Some other tidbits from my week (I’m cutting and pasting a bit more than usual because I leave in about six hours to go to Cape Cod for a week. I should really finish packing. And maybe squeeze in a shower.): Um, Kidz Bop. Why? WHY? I truly don’t understand why kids can’t listen to the actual songs. Not appropriate? Well, having kids sing J-Lo’s “Waiting for Tonight” does not make it more kid-friendly, no matter how many high-pitched full voiced tots wail “Ohhh!” It is a song about meeting your lover. (Oh, my stars.) And it’s an actual track on one of the Kidz Bop albums. I use the term ‘album’ kinda loosely, as it’s essentially a Now That’s What I Call Music CD dubbed in kidspeak. Make the kid a mix tape, she’ll thank you. (Right, Dad? Alice Cooper!!)

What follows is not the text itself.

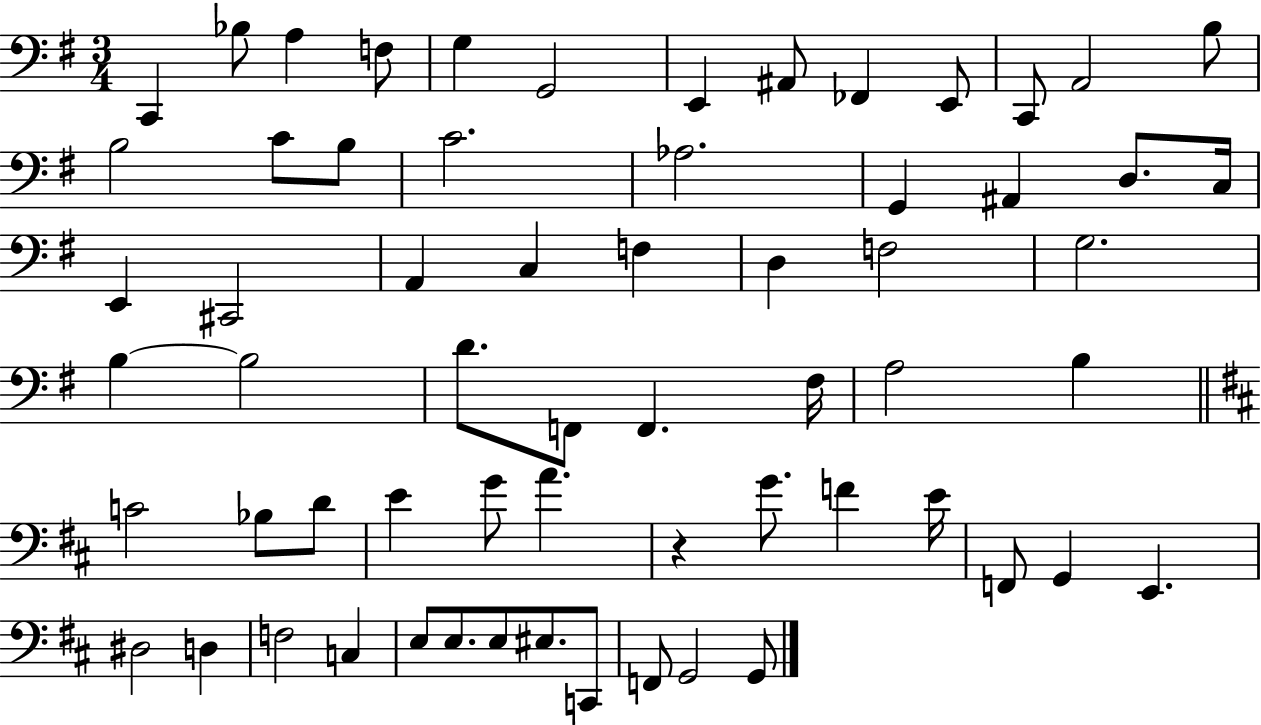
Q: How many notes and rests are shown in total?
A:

Hmm, what else…so many amazingly relevant things to write about in one short week! How about when P.J. was at the gym (yesterday) and was asked How It Was Goin’ by a random guy in the locker room? P.J. looked up, realized the guy was speaking to him and replied “Oh. Fine.” The man followed up with “Did you know that 40 percent of all prostitutes in Thailand are transvestites?” An awkward silence ensued, as you can well imagine (I HAVE to imagine, for I wasn’t there either.) P.J. calmly responded “No…I didn’t.” Pause pause pause pause. “I enjoy travel.”

And I was so thrilled today on Facebook- When I asked for info on Jupiter’s moon Ganymede in my “status,” four people responded with wall posts and two sent messages. I’m not completely mental, I was researching cool tidbits for a one-act play that’s due in, oh, about ten minutes. I received some creepy information as well as some completely timely and writer’s-block-obliterating dialogue! So, um, thank you.

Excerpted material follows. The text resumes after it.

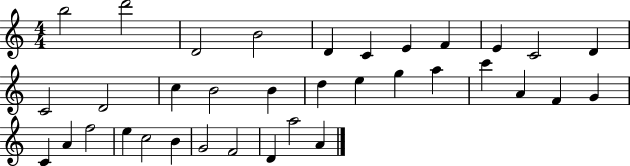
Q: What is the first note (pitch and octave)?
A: B5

We went down to Summerdance at Millennium Park after work to hear a Serbian brass band and learn how to dance like other cultures. Namely, Serbia. Turns out, it’s mostly dancing in a line, holding hands and doing something tappy with your feet. Since we were in the outer ring (I don’t know how that happened- I’m short and usually shoved in front) we couldn’t see the instructor’s feet and thusly didn’t know the tappy parts. So, we bounced in place until people moved right or left, then we bounced to the right or to the left. We looked amazing- people totally wondered how we got such cultural dance moves. I told them that it comes from the heart- g-goung. G-goung. (Anyone, anyone? Not you, Kate.)